Thursday, February 24, 2011
January 1959: The Flood In the Bottoms
I was eight years old in January, 1959, living on Chicago Avenue and in the third grade at Chicago Avenue School. When the westside levee broke and the flood waters came, I remember my father George Howard, climbing into the crawl space above our ceiling about bed time and turning off the pilot light to our gas furnace. Our parents gave us the sense that we were in an emergency but were not panicked. All four Howard Boys crawled in bed together and body heat kept us warm.
Within a few hours, we were awakened and it was time to evacuate; the Ohio National Guard troop transporter was parked in our flooded street and military men were carrying neighbors in porch chairs to the covered military truck. Our first stop was Engine House Number Ten on West Broad Street and from there, our family was shuttled to the Navy/Marine Recruiting Center located on Sandusky Street at Dublin Road, in the same site that now stands Confluence Park Restaurant.

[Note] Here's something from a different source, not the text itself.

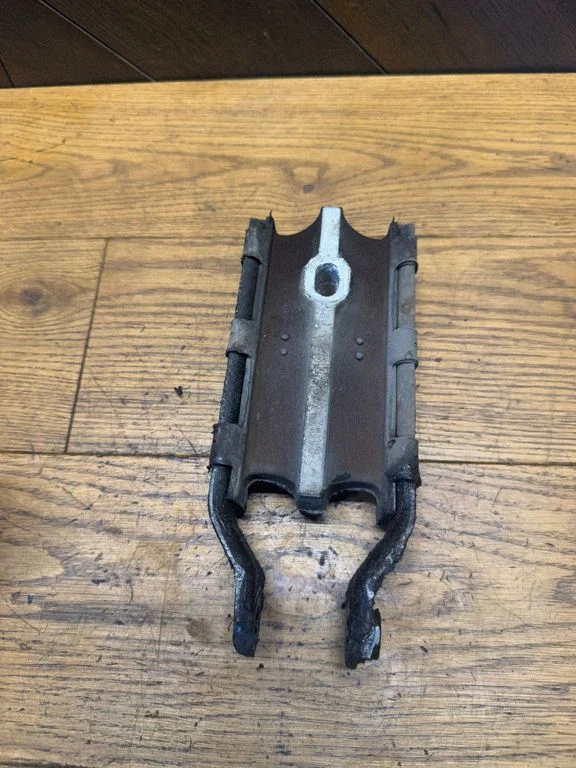 Engine mount bracket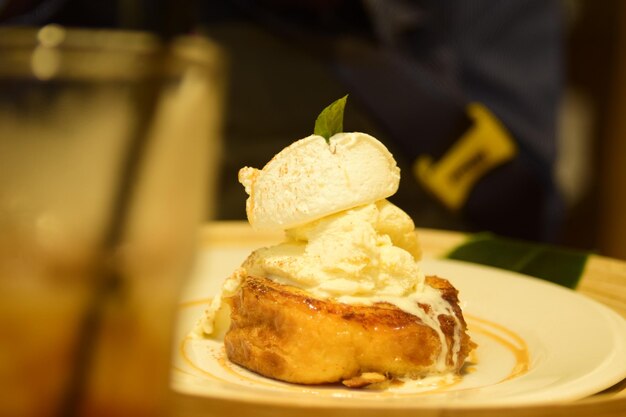 Primer plano del postre en el plato sobre la mesa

I remember hundreds of people overnighting there on wooden and canvas, folding cots. After breakfast, ten hours since we were evacuated in the middle of the January night, we contacted our family friends, Otto and Josephine Charles, who had an apartment on Clifton Avenue in East Columbus and spent several days with them, before returning back to the westside.
Flood waters had crept up to our front steps, but no closer and since we had no basement at 175 Chicago Avenue, we saw no flood damage. But our family purchased acreage in Plain City/Union County, built a new home and by November, 1959, we had fled the Bottoms and flooding for good.